Are we at a point in our history where choices made now will put us on the path either to renewal of the free enterprise economy of our forbears, or lead us down the road to European-style statism, reliant on powerful bureaucracies and confiscatory taxation? Do the choices we make during the next policy cycle imply that the nation will head either for prosperity or decline?
It seems our government might have reached a crucial turning point -- after years of fiscal indiscipline, concomitantly expansionist policies and failure to focus on the long-term needs of our society. The congressional deadlock is itself evidence of the struggle to set the nation's course, as Obama administration stimulators and their allies in Congress have not been able to carry the day over those who can no longer support the borrow-and-spend policies of the past decade.
Even small, temporary steps to keep the economy from receding -- such as extending unemployment insurance -- now are attacked as unwarranted expansions of government and irresponsible additions to the national debt. Only after months of debate did the Senate muster enough votes to pass an extension of jobless benefits in late July.
Framing this debate in a philosophical context, and with a longer-range view of government's role in America, Arthur C. Brooks, president of the American Enterprise Institute for Public Policy Research, and a distinguished group commissioned by the Center for the Study of the Presidency and Congress this spring issued cogent analyses arguing that decisions made now will have great bearing on the nation's future prospects.
Brooks lays out his case in a May 23 essay in The Washington Post. He sees a "new culture war [pitting] the forces of free enterprise [against] an expanding and paternalistic government." Brooks puts Obama squarely in the second camp, citing the president's 2009 speech chiding people who "chase after all the usual brass rings [and] after the big money . . . and worry about whether [they] have a fancy enough title or a fancy enough car . . . [a] message that's . . . been in our culture for far too long -- that through material possessions, through a ruthless competition pursued only on your own behalf -- that's how you will measure success."
Seventy percent of Americans favor the free-market economy, but they're losing to the 30 percent who want government spending and ownership (GMC, major banks), regulation and income redistribution, Brooks argues. Happiness, the pursuit of which is our third inalienable right, does not come with a welfare check but rather with the opportunity to succeed, he argues convincingly.

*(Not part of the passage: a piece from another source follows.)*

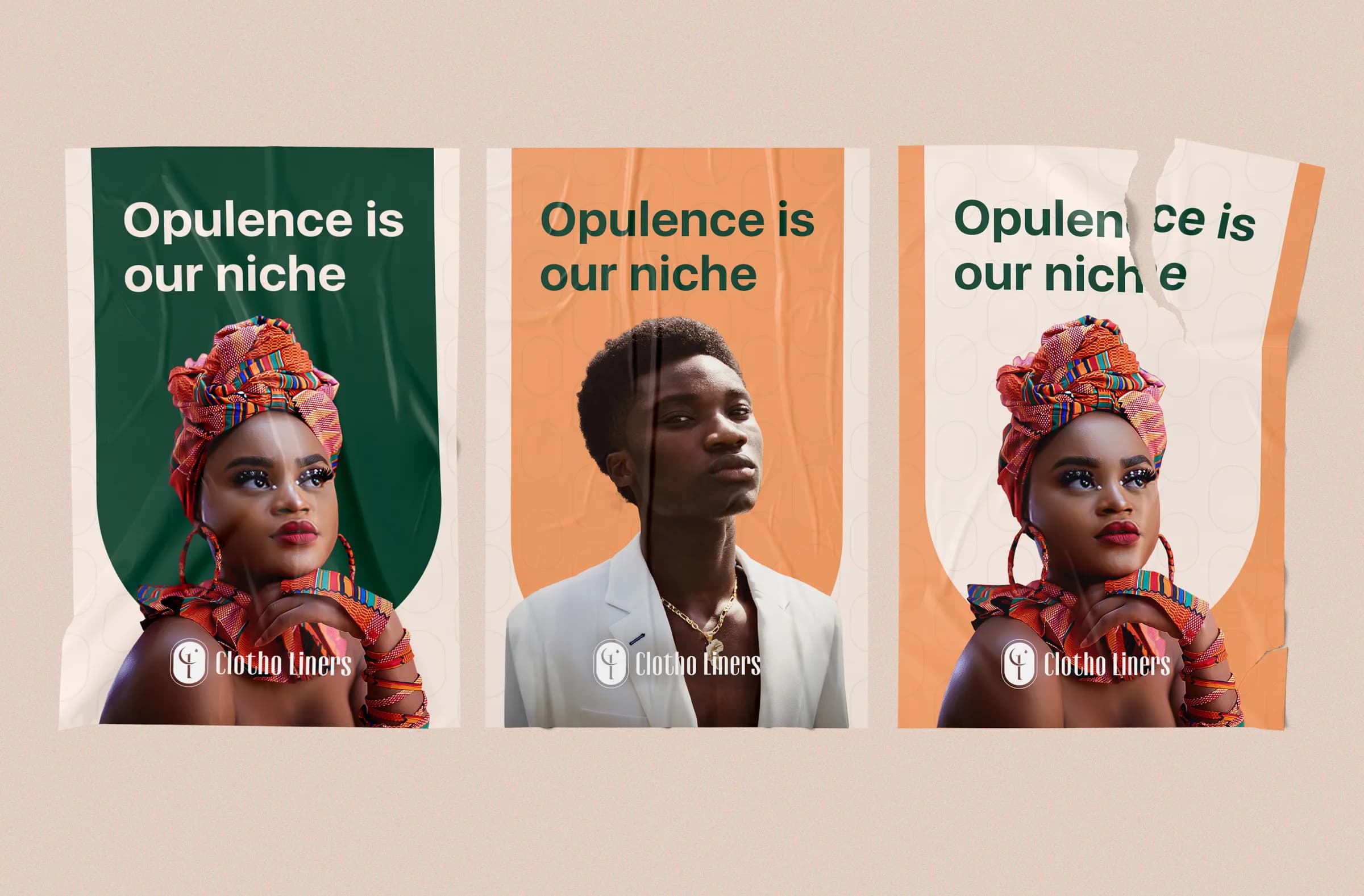 Three Clotho Liners campaign posters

Brooks' argument against government expansionism is echoed in less ideological form in the final report of the CPSC's Strengthening America's Future Initiative, issued in April. It too posits a key turning point and seeks to lay out ideas for "regaining our strategic and financial freedom of action, unity at home and standing abroad." CPSC President David Abshire, former Colorado Gov. Roy Romer, leading defense industrialist and Pentagon official Norman Augustine, and former Comptroller General David M. Walker led the initiative's steering committee. Walker is now president of the Peter G. Peterson Foundation, which funded the study.
It raises the alarm about the looming fiscal crisis. Interest on the nation's debt soon could be the largest item in the federal budget, buying us nothing of value, the study notes. And it steps up the argument a notch, suggesting we soon might face a situation analogous to the time when, as one of its leading creditors, we forced the British government to abandon a plan to regain control of the Suez Canal. In "an American Suez," China and other major purchasers of U.S. debt might similarly face what British leader Harold MacMillan called "the last gasp of a declining power."

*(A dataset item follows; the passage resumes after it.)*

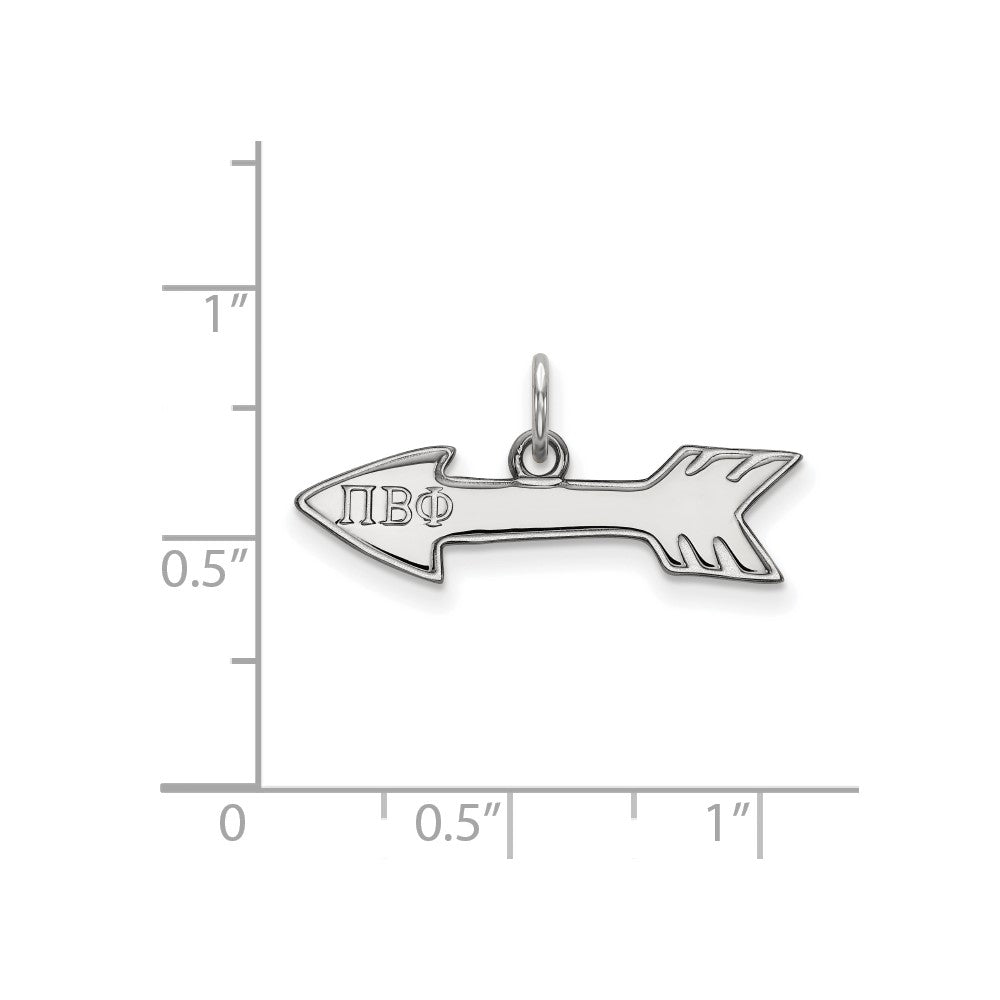 Sterling Silver Rhodium Plated Logoart Pi Beta Phi Sorority Symbol Extra Small Pendant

While focusing principally on the fiscal challenge, the CPSC report recommends government undertakes comprehensive political and programmatic reform -- in electoral practices; congressional committee restructuring; civil service training; new policies to enhance educational achievement and proficiency in math, science and engineering; energy consumption; infrastructure improvement; immigration policies; and more.
In a June 8 speech at the Center for American Progress, Peter R. Orszag, the Office of Management and Budget's former director, touched on the administration's spending restraint program: its request that agencies submit budgets encompassing a 5 percent cut to facilitate its plan for a three-year freeze on discretionary spending without killing all new initiatives.
Most of Orszag's speech focused on improving execution of government programs, with special emphasis on bringing Web and other technology practices up to private sector standards. Federal management gains are important, to be sure, but as to the essential steps we need to remain a great nation, Obama has kicked the can down the road, hoping the fiscal reform commission he appointed will produce politically palatable solutions when it reports in December.